RESULTS OF OPERATIONS

RESULTS OF OPERATIONS

The Company's primary business is to provide system level software and engineering services to original equipment manufacturers ("OEMs") and integrators of personal computers ("PCs") and information appliances (special purpose computers). The Company sold its Publishing and Printer Software Divisions in fiscal 1994, which marketed technical publishing software and documentation to OEMs and system software for laser printers, respectively. The Company discontinued marketing software products through the retail channel in fiscal 1995.

In August 1996, the Company acquired Virtual Chips, Inc. in exchange for 1,241,842 shares of newly issued common stock. The transaction was accounted for as a pooling of interests and financial information for the quarters in fiscal 1996 has been restated to reflect Virtual Chips' results of operations. The financial statements for the fiscal 1995 and 1994 have not been restated as the results of operations of Virtual Chips were not material in relation to those of the Company.
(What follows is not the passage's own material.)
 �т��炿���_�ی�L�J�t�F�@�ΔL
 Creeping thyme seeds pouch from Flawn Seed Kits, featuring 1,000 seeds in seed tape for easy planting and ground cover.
Shares used in the computation of net income per share have been restated for all periods presented to give effect to the shares issued and options assumed by the Company in the transaction. Virtual Chips is a leading supplier of synthesizable cores for the computer industry. Synthesizable cores are pre-packaged circuit descriptions used as building blocks for system level application specific integrated circuits (ASICs). ASICs are used in computers and peripheral devices to connect them using PCI, USB and other emerging industry standard protocols.
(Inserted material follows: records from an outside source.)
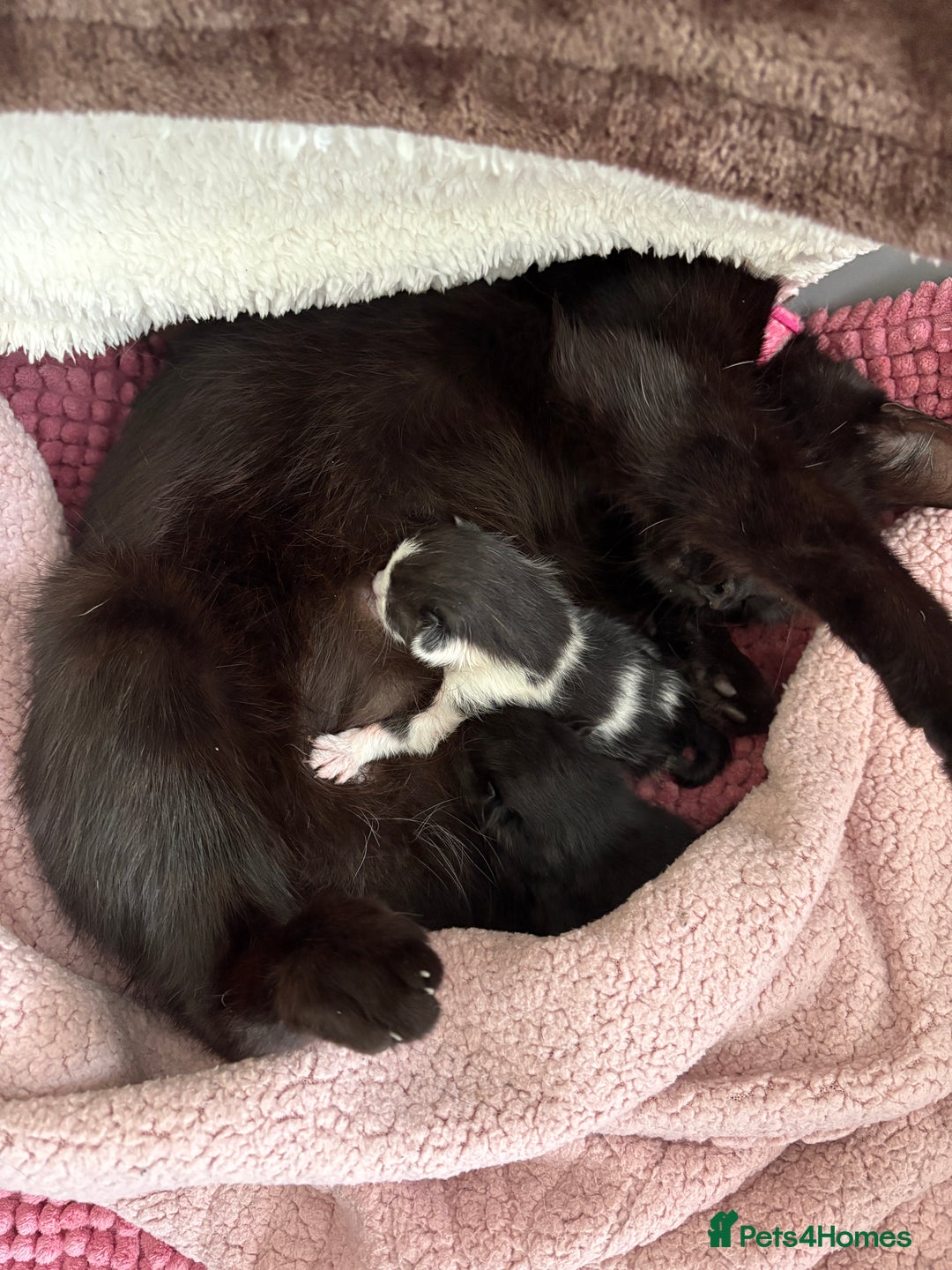 Mixed Breed cats for sale: Mixed breed kittens  - Image 32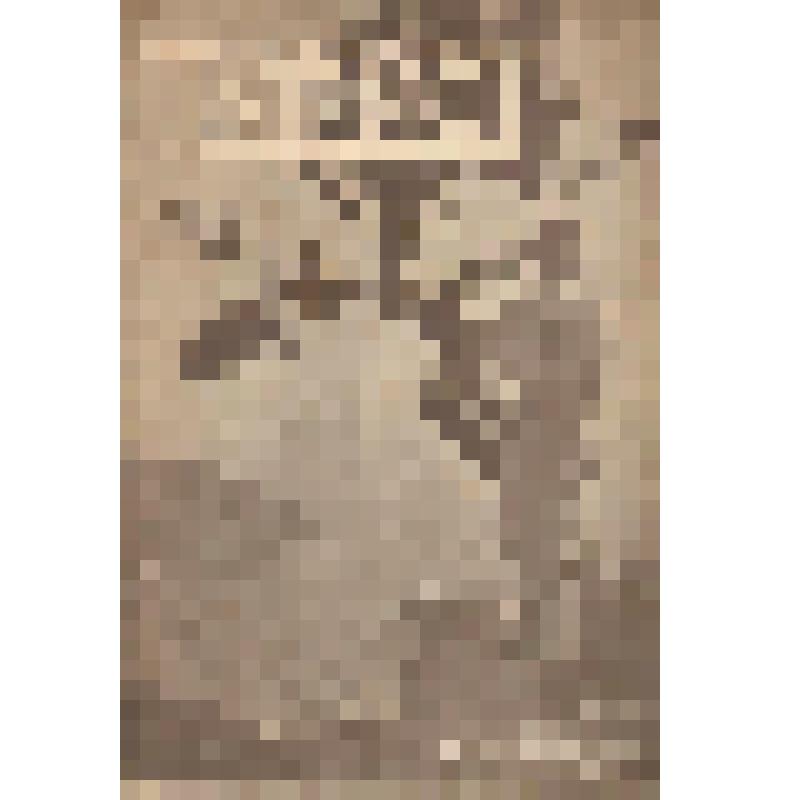 Журнал. "Всемирный турист" №8 1928 г., приложение к  № 8 журнала "Всемирный следопыт"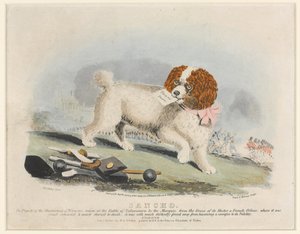 Sancho, Batalla de Salamanca, 1812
REVENUE. Revenue increased $22.2 million (44%) to $72.1 million in fiscal 1996 from $49.9 million in fiscal 1995. The increase resulted primarily from an increase in royalty revenue from the Company's expanding customer base as well as additional revenue from existing customers. Revenue increased in all geographic areas. Revenue decreased $36.2 million (42%) to $49.9 million in fiscal 1995 from $86.2 million in fiscal 1994. This decrease in revenue is primarily due to the sale of the Company's Publishing Division in fiscal 1994. In fiscal 1996, one customer accounted for 10% of revenues. No customers accounted for 10% or more of revenue in fiscal 1995. In fiscal 1994, one customer accounted for 19% of revenue and another customer accounted for 14%. Software revenue increased 44% from fiscal 1995 to fiscal 1996 and 24% from fiscal 1995 to fiscal 1994.

GROSS MARGIN. Gross margin as a percent of revenue was 80%, 81% and 50% for fiscal 1996, 1995 and 1994, respectively. The gross margin for fiscal 1994, excluding the Publishing Division sold during the year, was 77%. License fee gross margin was 88%, 92% and 88% for fiscal 1996, 1995 and 1994, respectively. The decrease from fiscal 1995 to fiscal 1996 is primarily due to increases in royalty expense and amortization of capitalized computer software costs. Service gross margin was 25%, 8% and 7% in fiscal 1996, 1995 and 1994, respectively. The increase in service gross margin is attributable to productivity improvements in service engineering.

RESEARCH AND DEVELOPMENT EXPENSES. Research and development expenses were $20.6 million, $11 million and $6.9 million in fiscal 1996, 1995 and 1994, respectively. The increases in research and development expenses are primarily due to the hiring of additional engineers devoted to the development of system level software. The increase as a percent of revenue in fiscal 1996 is primarily due to the creation of a new product line to develop and market software to connect computers and peripheral devices and the acquisition of Virtual Chips, Inc.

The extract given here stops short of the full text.